It’s been quite the journey for Midgar Studios’ Edge of Eternity, but with the console releases now out it feels like their mission to create a Final Fantasy-like experience with a modest team is finally at an end. We played the PlayStation version to check out the end result.
The road to get here hasn’t been easy for Edge of Eternity either. We first saw the game in action back in 2016, but there have been a few publisher switches since then. The game was with The Sidekicks (who published Splasher) first, then Playdius, and is now being published by Dear Villagers. The game also had a rather lengthy Early Access phase, but the final product is certainly impressive when you consider the size of the team.
Where Edge of Eternity struggles a bit is in whether it wants to be an epic scale adventure or something that starts off much slower. There’s a grand first act that involves a great war, but then the game switches gears and it’s a lengthy trek to get back to where the opening moments left off.

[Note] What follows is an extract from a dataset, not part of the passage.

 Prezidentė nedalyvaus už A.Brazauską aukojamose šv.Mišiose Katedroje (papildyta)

Part of it is definitely that a lot of modern RPGs are keen to constantly keep us on the edge of our seats, but the change of pace is something to note.

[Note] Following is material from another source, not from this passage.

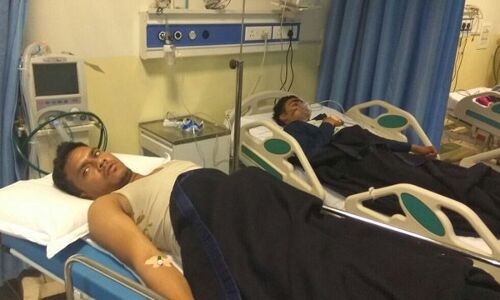 बसपा के पूर्व मंत्री को ट्रक से कुचलने की कोशिश नाकाम, दो घायल बसपा के पूर्व मंत्री को ट्रक से कुचलने की कोशिश नाकाम, दो घायल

What we were surprised to see is that Edge of Eternity is relatively barren, especially when you consider how lush the initial demo versions that we saw and played were. Many locations are still great to look at, but there is often very little to do in them, and there’s so much open space that you can choose to avoid combat if you want to. Our guess is that this is where Midgar’s ambitious plans ended up resulting in a situation where they had to compromise, and they didn’t want to shrink the game world into something smaller and more densely populated.

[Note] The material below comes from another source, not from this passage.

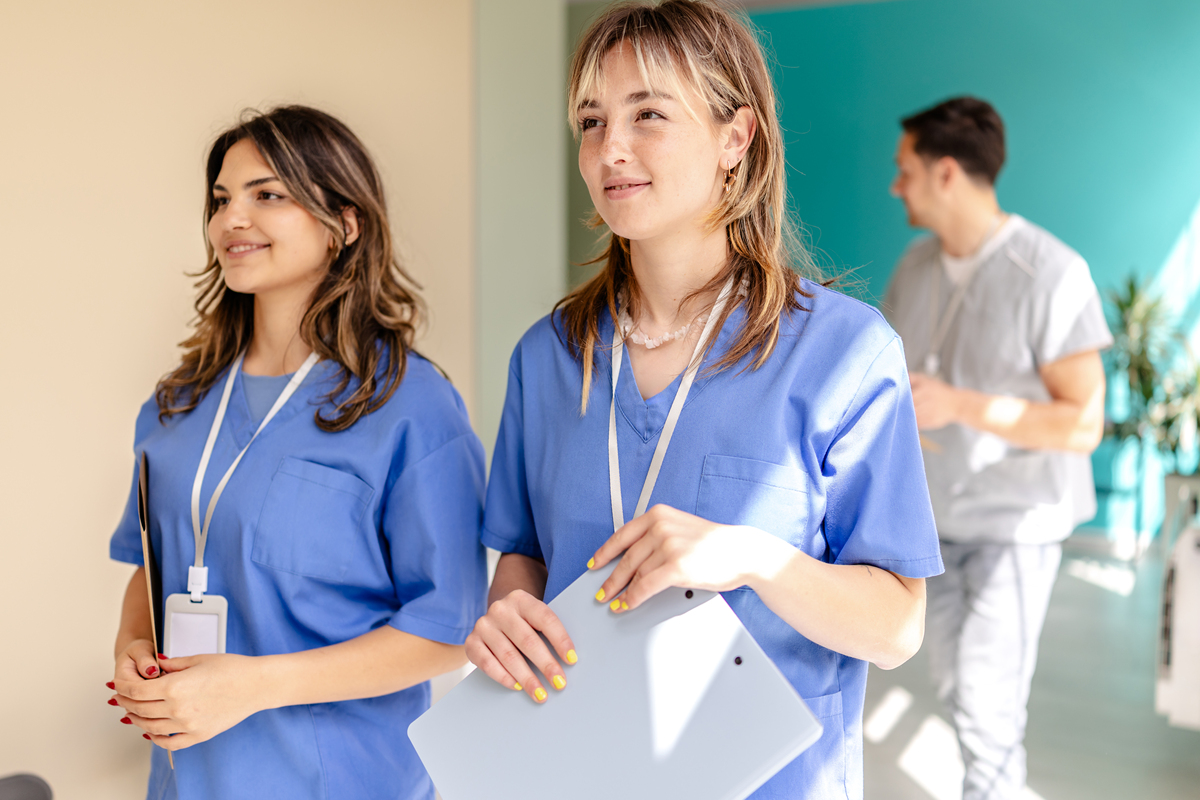 成都卫校高级护理专业就业前景分析 - 未来发展趋势及优势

Although combat can be avoided, it’s a key gameplay mechanic that revolves around gauges that fill up to give you the equivalent of action points. In addition, there are gauges for magic and special attacks, and sometimes (optional) objectives force you to focus your efforts on specific enemies in a battle. It’s easy enough to grasp, but the gauges and selective focus can also hurt the pacing of the battles, which can feel slow.
Edge of Eternity leans into its fantasy inspirations with more than just its lush visuals though. When it comes to equipment, the role of magical crystals lets you customize your character’s strengths and weaknesses. You can customize your ‘loadout’ for specific encounters and objectives as well, so it’s a system that’s fun to play around with and a bit different from the usual loot process where you simply hope to pick up a stronger piece of armor every half hour.
At the end, Edge of Eternity was an ambitious project and Midgar pulled it off – more or less. They’ve proven that a small team can craft something that, at its best moments, looks and feels like a AAA Final Fantasy game, but ultimately also has its shortcomings. JRPG fans will be eager to forgive these as it’s an adventure worth playing, but for more casual fans there are richer experiences out there.